__EXERCISE DESCRIPTION__.
Retype, exactly as they appear below, the lines between the line holding "A 9ct gold ring" and the line holding "army blank, dog", both ends included.

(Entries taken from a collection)
****

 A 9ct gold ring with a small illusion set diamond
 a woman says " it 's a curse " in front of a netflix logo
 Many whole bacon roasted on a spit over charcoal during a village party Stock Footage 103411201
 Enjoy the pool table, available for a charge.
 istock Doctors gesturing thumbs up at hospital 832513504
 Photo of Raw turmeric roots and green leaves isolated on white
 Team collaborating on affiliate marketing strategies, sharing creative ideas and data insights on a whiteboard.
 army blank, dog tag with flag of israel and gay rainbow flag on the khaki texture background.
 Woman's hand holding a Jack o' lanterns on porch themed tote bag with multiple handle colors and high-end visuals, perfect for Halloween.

****

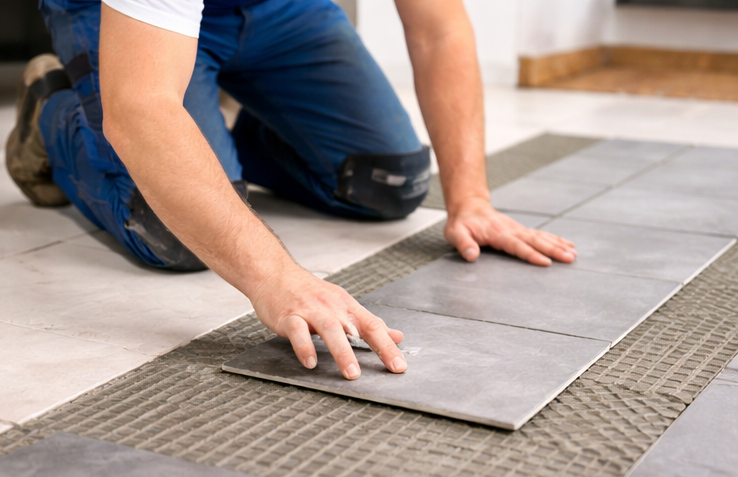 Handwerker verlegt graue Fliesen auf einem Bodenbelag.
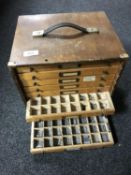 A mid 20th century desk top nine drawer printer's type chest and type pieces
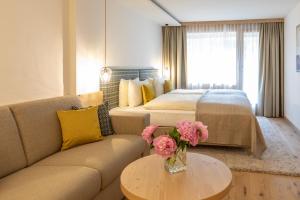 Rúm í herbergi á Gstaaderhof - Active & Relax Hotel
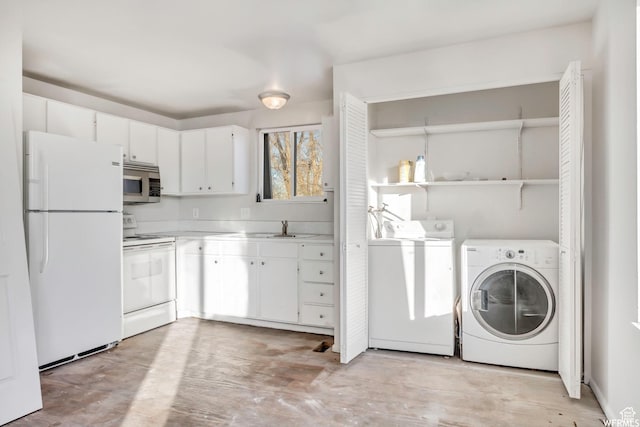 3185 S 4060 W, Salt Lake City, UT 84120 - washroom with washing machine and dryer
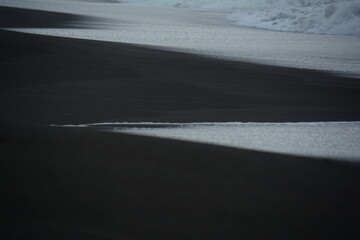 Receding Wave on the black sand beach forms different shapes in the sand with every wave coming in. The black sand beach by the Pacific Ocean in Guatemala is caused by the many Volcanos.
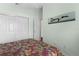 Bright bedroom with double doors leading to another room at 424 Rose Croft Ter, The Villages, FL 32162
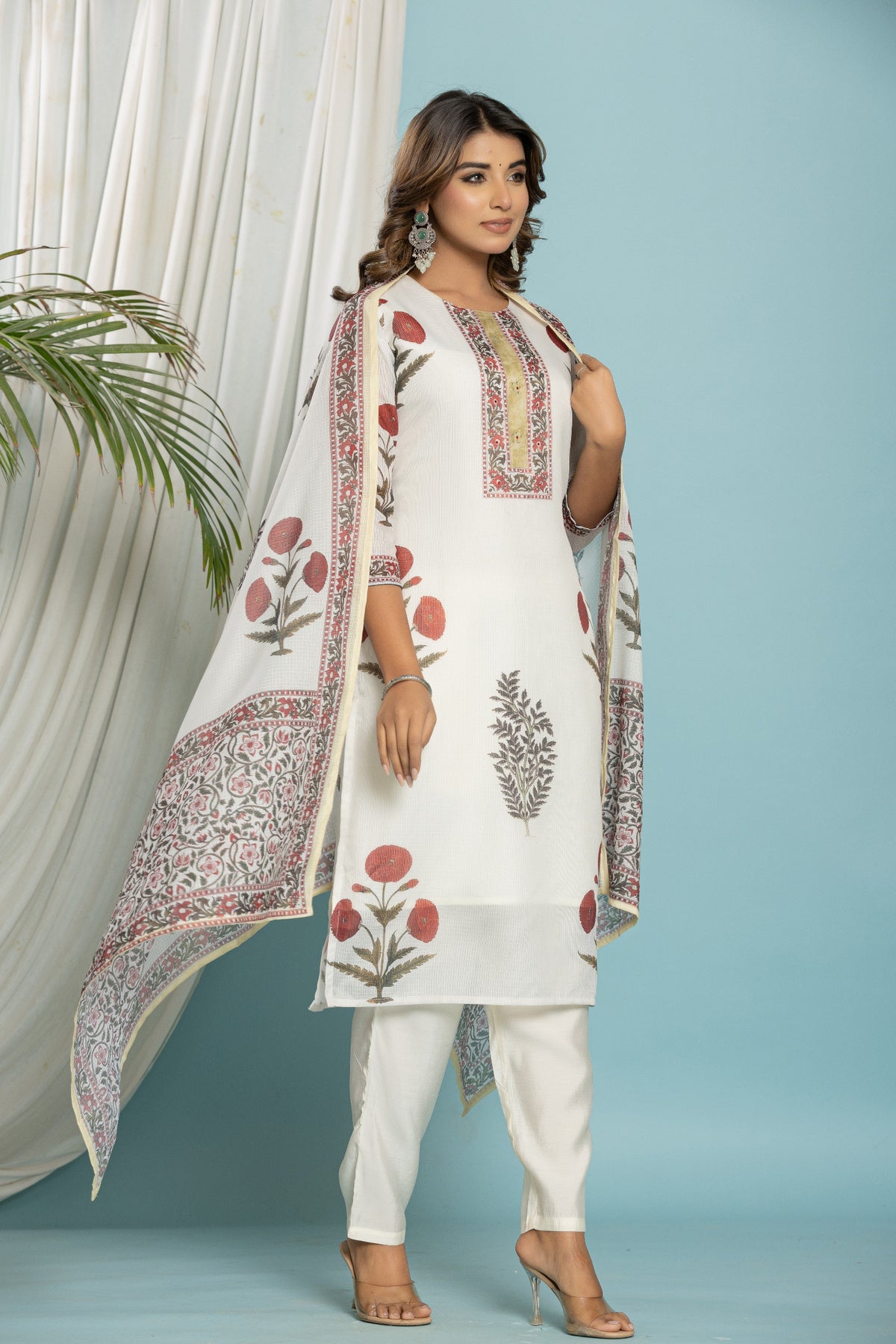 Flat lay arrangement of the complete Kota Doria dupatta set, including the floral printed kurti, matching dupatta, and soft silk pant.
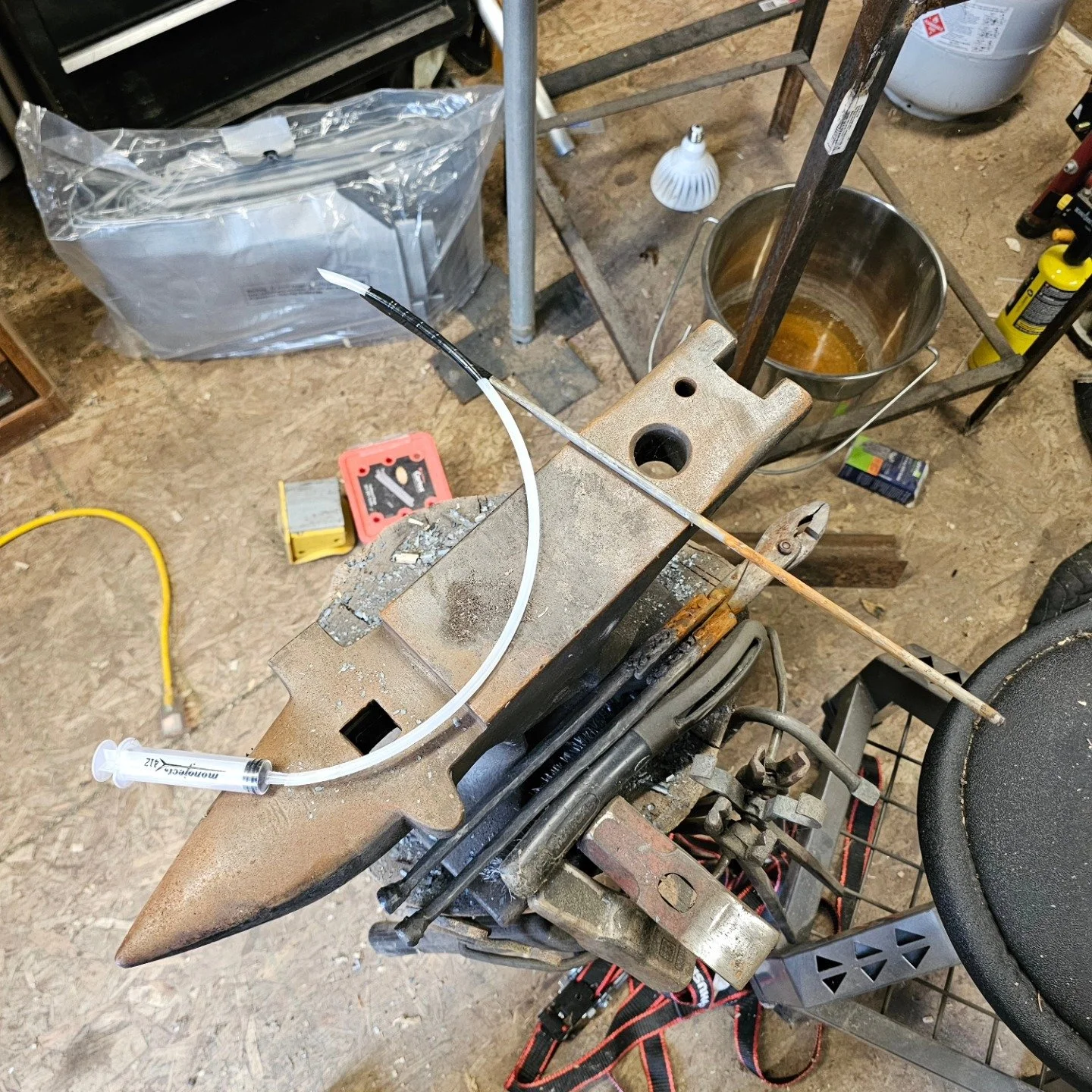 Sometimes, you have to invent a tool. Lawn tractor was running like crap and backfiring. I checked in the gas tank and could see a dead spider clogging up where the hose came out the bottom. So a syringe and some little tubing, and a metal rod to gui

****

__SOLUTION TO THE PROBLEM__.
 A 9ct gold ring with a small illusion set diamond
 a woman says " it 's a curse " in front of a netflix logo
 Many whole bacon roasted on a spit over charcoal during a village party Stock Footage 103411201
 Enjoy the pool table, available for a charge.
 istock Doctors gesturing thumbs up at hospital 832513504
 Photo of Raw turmeric roots and green leaves isolated on white
 Team collaborating on affiliate marketing strategies, sharing creative ideas and data insights on a whiteboard.
 army blank, dog tag with flag of israel and gay rainbow flag on the khaki texture background.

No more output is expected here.